I have some ideas, but maybe you want to work on a correct solution first? Btw, with your choice of h, the result list will contain all natural numbers that are not divisible by 3 and are = 1 (mod 4). Evaluating the first n elements of that list will require O(n^2) evaluations of h. Bertram
On 18/01/2008, Bertram Felgenhauer
I have some ideas, but maybe you want to work on a correct solution first?
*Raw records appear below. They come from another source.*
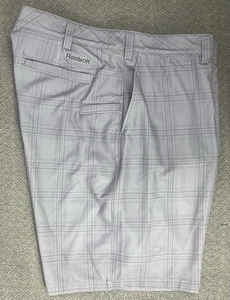 REEBOK Big & Tall Men's Size 46 Gray Shorts "fit like 44x9.5" Stretch - Picture 1 of 11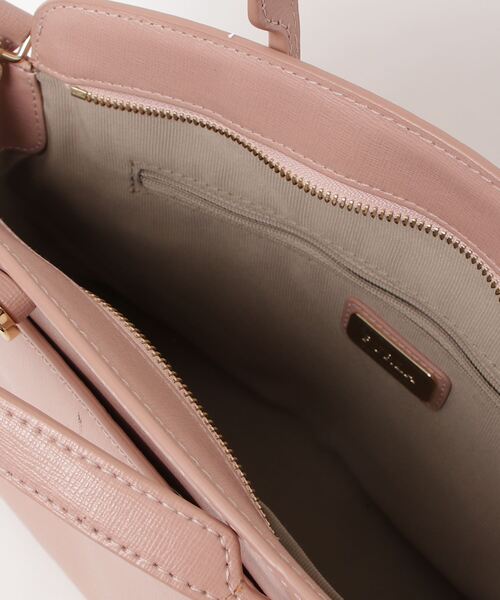 FURLA ハンドバッグ 2way ピンク系 FURLA フルラ ショルダーバッグ ハンドバッグ 2way コーティング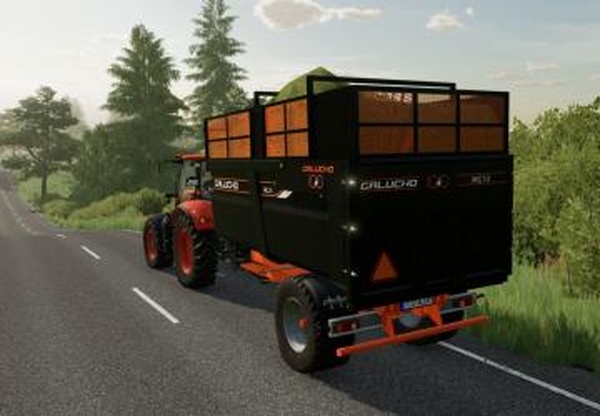 Galucho MG10версия 1.0.0.0 для Farming Simulator 2022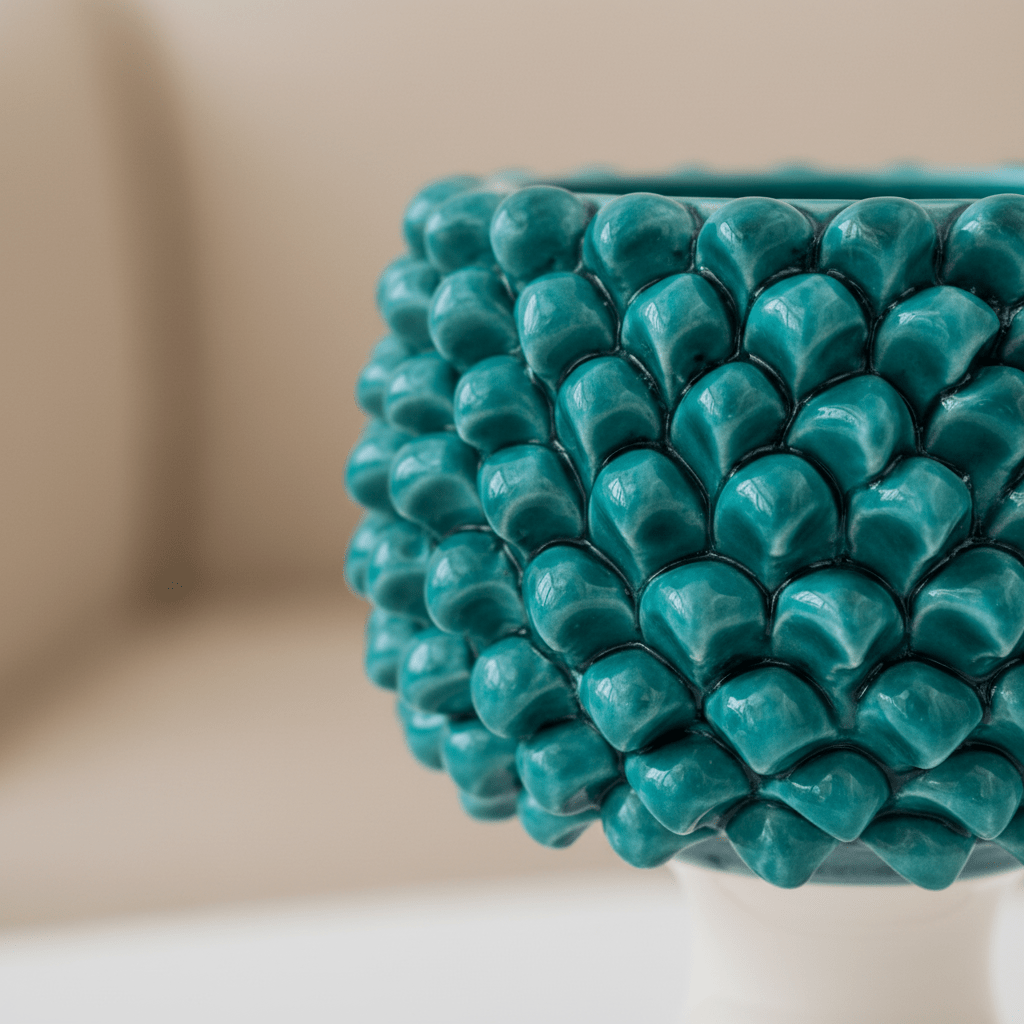 Cachepot Pigna - Sua Maestà Sicilia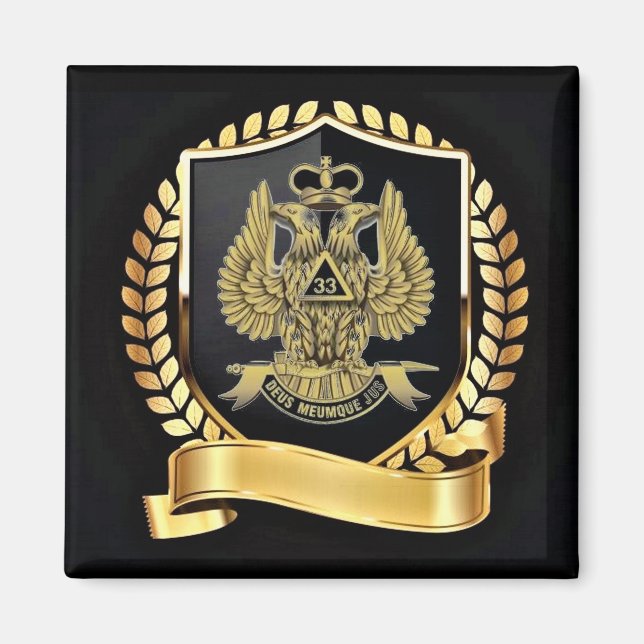 Íman 33 Graus Mason (Frente)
There is an implementation on the wikipedia article for Haskell: hamming = 1 : map (2*) hamming `merge` map (3*) hamming `merge` map (5*) hamming where merge (x:xs) (y:ys) | x < y = x : xs `merge` (y:ys) | x > y = y : (x:xs) `merge` ys | otherwise = x : xs `merge` ys -- Dougal Stanton dougal@dougalstanton.net // http://www.dougalstanton.net
Calvin Smith
The author of Pugs (Perl6 implemented in Haskell) gives a nice solution to the problem of generating the Hamming numbers in the following interview: http://www.perl.com/pub/a/2005/09/08/autrijus-tang.html?page=last
Dougal Stanton
There is an implementation on the wikipedia article for Haskell:
Note that Dijkstra's two exercises are not the same as Hamming's original problem. I recommend the exercises! -- Edit this signature at http://www.digitas.harvard.edu/cgi-bin/ken/sig One thing that UNIX does not need is more features. It is successful in part because it has a small number of good ideas that work well together. Merely adding features does not make it easier for users to do things -- it just makes the manual thicker. -- Rob Pike, Brian W. Kernighan, 1983.
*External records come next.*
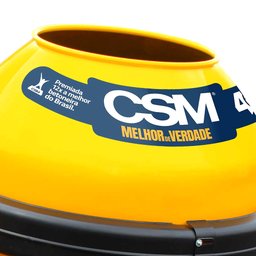 Betoneira Rental 400L 2CV 220V Monofásica CSM-CS-400L - Imagem 3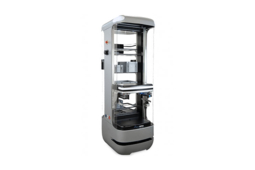 XuP-Stacker, un robot autonome et modulaire conçu pour le transport automatique de charges dans l'industrie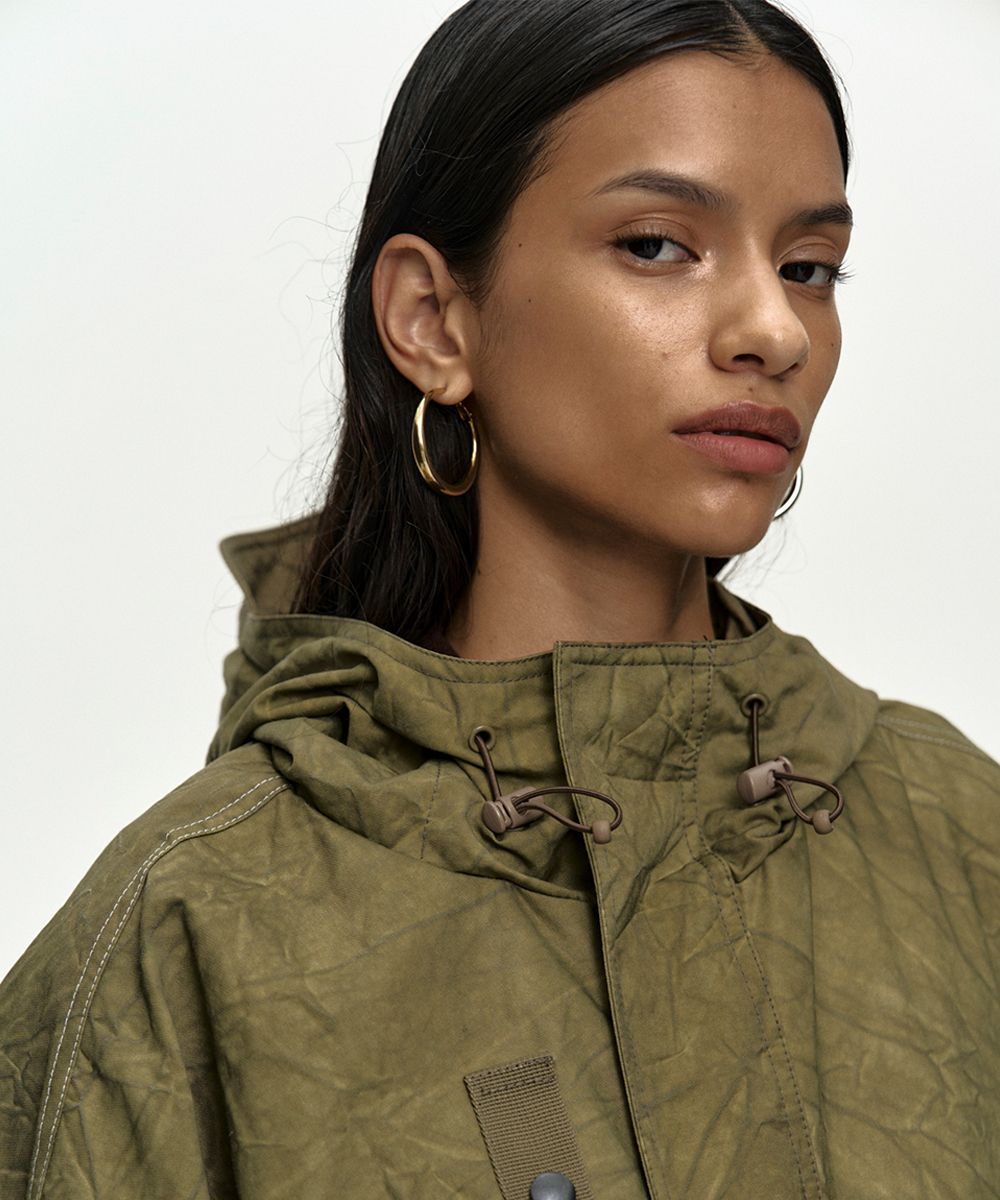 앤더슨벨(ADSB ANDERSSON BELL) UNISEX TIE-DYED BEACH SHELL JACKET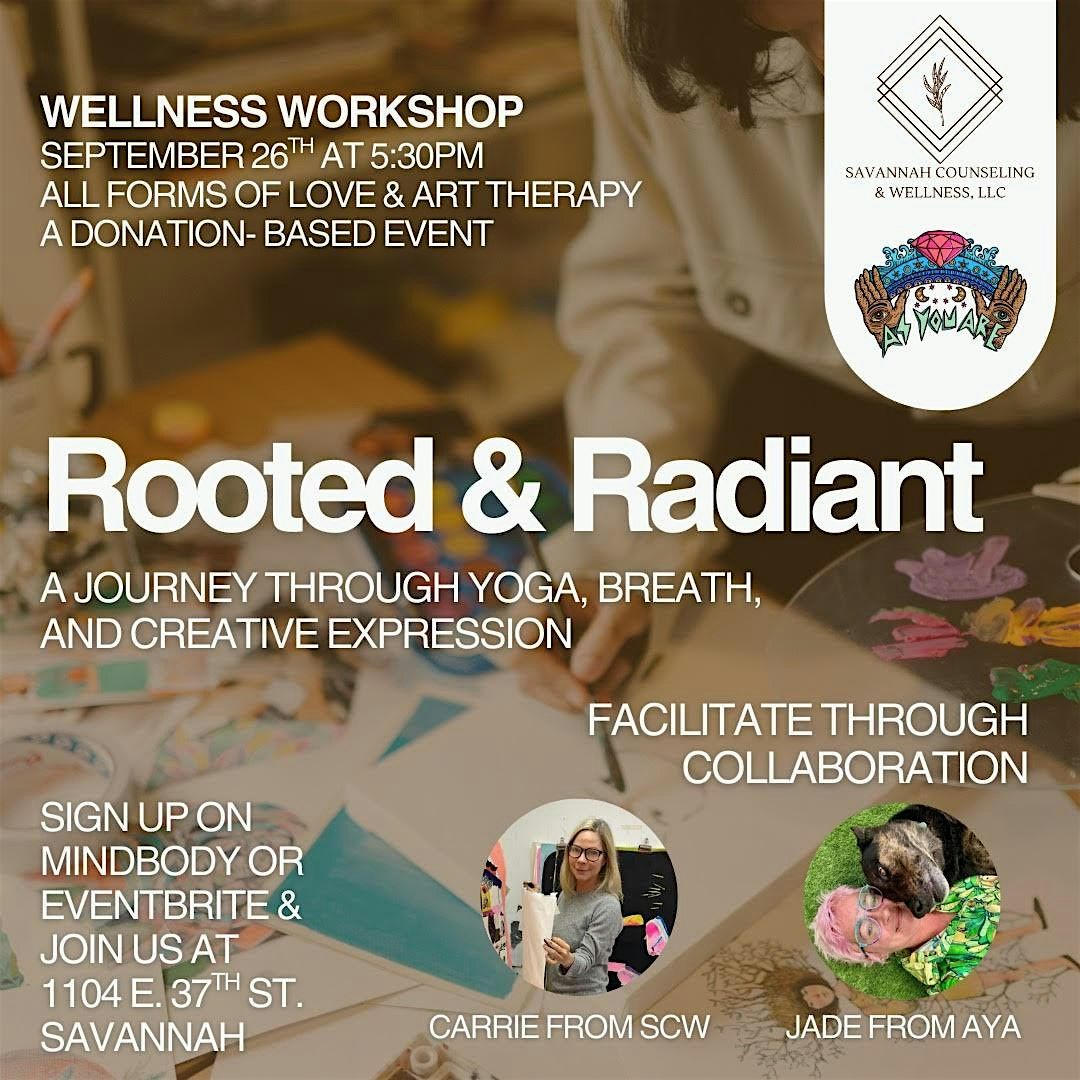 Rooted & Radiant: A Journey Through Yoga, Breath, and Creative Expression
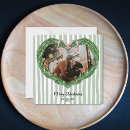 Search for red bow christmas cards Family photo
Bertram Thanks for your help, I tried to solve the problem this weekend but I have some dudes. My reasoning is: The sequence is [1,a1,a2,a3,..] where a1 = h 1 1, a2 = h 1 a1, and so on So, I want to construct the list of lists [[1,a1,a2,a3], [h 1 1, h 1 a1, h 1 a2,..], [h a1 1, h a1 a1, h a1 a2,...] ... [h an 1, h an a2,h an a3,...] ... ] The function is hammingx = 1 : foldl1 merge [ map (h x) hammingx | x <- hammingx] However this is not a solution because the list is a infinite list of infinite lists. Please some advices to resolve this problem. Thanks Jose Luis -----Mensaje original----- De: haskell-cafe-bounces@haskell.org [mailto:haskell-cafe-bounces@haskell.org] En nombre de Bertram Felgenhauer Enviado el: viernes, 18 de enero de 2008 8:36 Para: haskell-cafe@haskell.org Asunto: Re: [Haskell-cafe] Hamming's Problem Jose Luis Reyes F. wrote:
Hi,
In exercise 2 of http://www.walenz.org/Dijkstra/page0145.html we need to write a function that holds
(1) The value 1 is in the sequence (2) If x and y are in the sequence, so is f(x,y), where f has the properties a. f(x,y) > x b. (y1 > y2) => (f(x,y1)>f(x,y2))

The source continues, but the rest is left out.